One Iranian professor, in the process of launching a graduate degree program at an American university, included 10 letters of recommendation from experts in his field and evidence of his awards and publications. Feist, his lawyer, said she felt certain his petition for a green card under the “outstanding professor” category would sail through.

Instead, she received a notice of intent to deny, reviewed by ProPublica, pointing out a slew of quibbles: The professor had published frequently in his field, but was he cited often enough? He had won awards, but the reviewing officer didn’t think they were truly prestigious. The professor had served on panels and presented at conferences, but those were not really sufficient to prove influence, the officer wrote.

“This is just one example of pretty typical aggressive requests for additional evidence that I’m seeing that are far outside of the norm that I’ve seen in the past 17 years,” Feist said.

Michael Cataliotti, an immigration lawyer in New York, recalled a case in which he printed and attached email correspondence between a client and his employer, to demonstrate the client had been offered a job. Because the email was printed from his work computer, Cataliotti’s name appeared at the top of the paper.

This seemed to confuse the USCIS official handling the case. “The document has been altered, and as such, is inadmissible,” the official wrote.

Other examples show an overly strict reading of the rules, sometimes applied incorrectly. Courtney Morgan-Greene, an immigration attorney in California, said the USCIS tried to deny a religious worker’s request for a visa extension because she had taken some time off from her job — in order to give birth, and then to mourn the death of her child after 11 months.

The response from the agency began, “While USCIS sympathizes with the death of the beneficiary’s baby,” and went on to deny the case based on the time she took off. Morgan-Greene emailed the quote to ProPublica.

USCIS policy allows breaks in employment “such as sick leave, pregnancy leave, spousal care and vacation as long as they do not exceed two years.” Morgan-Greene said her client’s two periods of leave combined did not add up to two years. “Not only is the decision incorrect as a matter of law, it shocks the conscience,” she said.

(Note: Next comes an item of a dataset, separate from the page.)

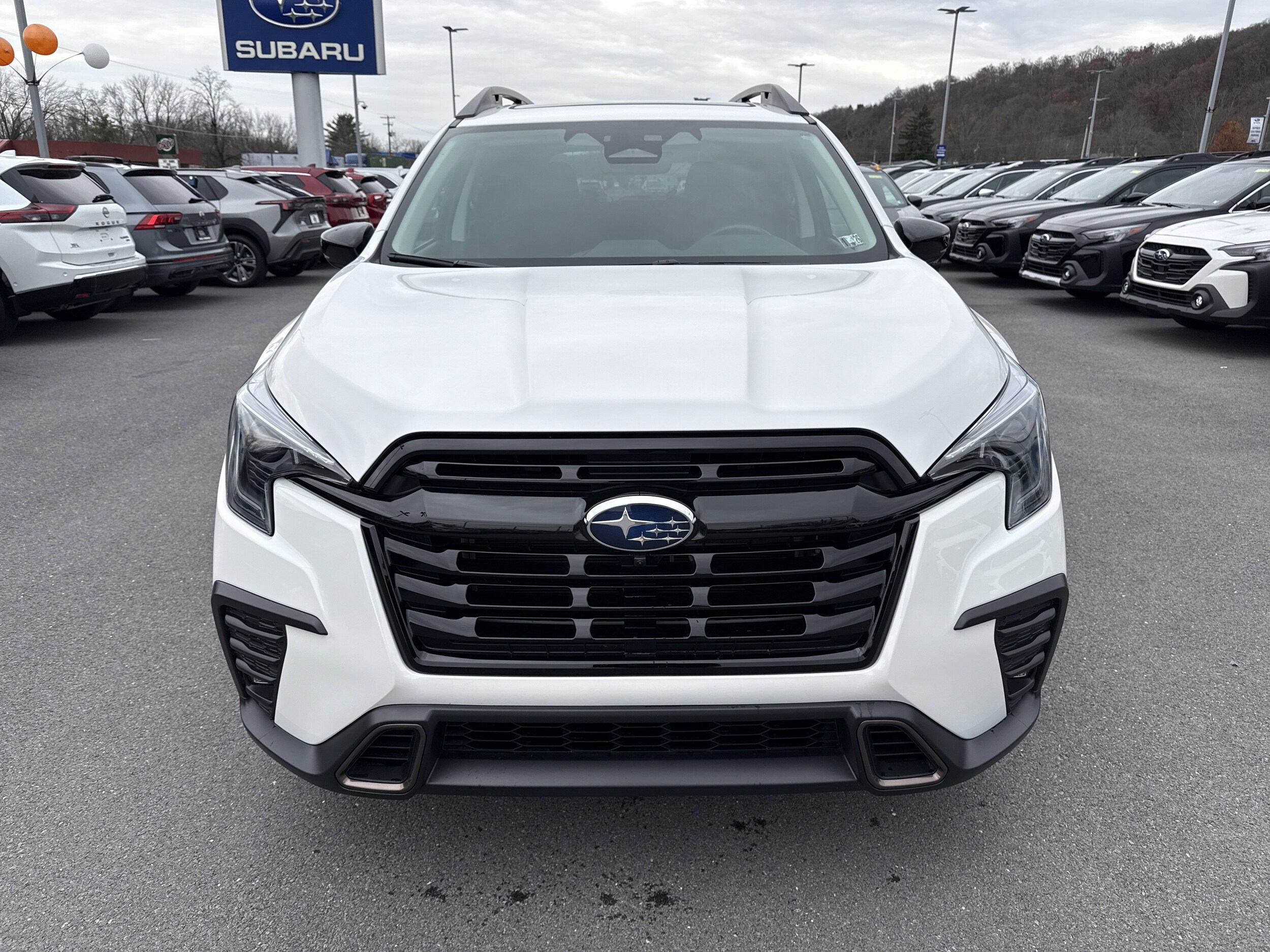 2025 Subaru Ascent Limited photo 2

Employers are just as frustrated as immigrants trying to obtain green cards and visas. On Aug. 22, a group of CEOs representing major US companies, including JPMorgan Chase, Cisco Systems, American Airlines, Apple, Coca-Cola and Texas Instruments, sent a letter to DHS Secretary Kirstjen Nielsen with their concerns with recent USCIS policy changes.

“Inconsistent government action and uncertainty undermines economic growth and American competitiveness and creates anxiety for employees who follow the law,” they wrote.

They added: “USCIS actions significantly increase the likelihood that a long-term employee — who has followed the rules and who has been authorized by the US government multiple times to work in the United States — will lose his or her status. All of this despite the Department of Labor having, in many cases, certified that no qualified US workers are available to do that person’s job.”

Sarah Pierce, a policy analyst at the Migration Policy Institute, said examples of H-1B misuse are “highly concerning,” but she said that there’s no clear data to prove how widespread it is. “We know there are a lot of legitimate employers that use this program as well,” she said.

Pierce said targeted approaches — such as limiting contractors from hiring H-1B workers or going after companies that mainly depend on H-1B workers — would be better solutions than a blanket approach making it difficult for all companies to hire foreign workers.

But Trump has made it clear that he would like to see a reduction in all immigration. “One thing really unique about President Trump is he views not just illegal immigration, but legal immigration through the context of it being a security threat and an economic threat to the United States,” Pierce said.

Even when cases are ultimately approved, Feist says employers have told her they will reconsider going through the process again. Workers stuck in limbo have told her they’re considering other options, too.

Cataliotti agreed the strategy seems designed to frustrate, “so either one or both parties says: Forget it, I can’t do this anymore, the position is gone, or I might as well go to Canada.”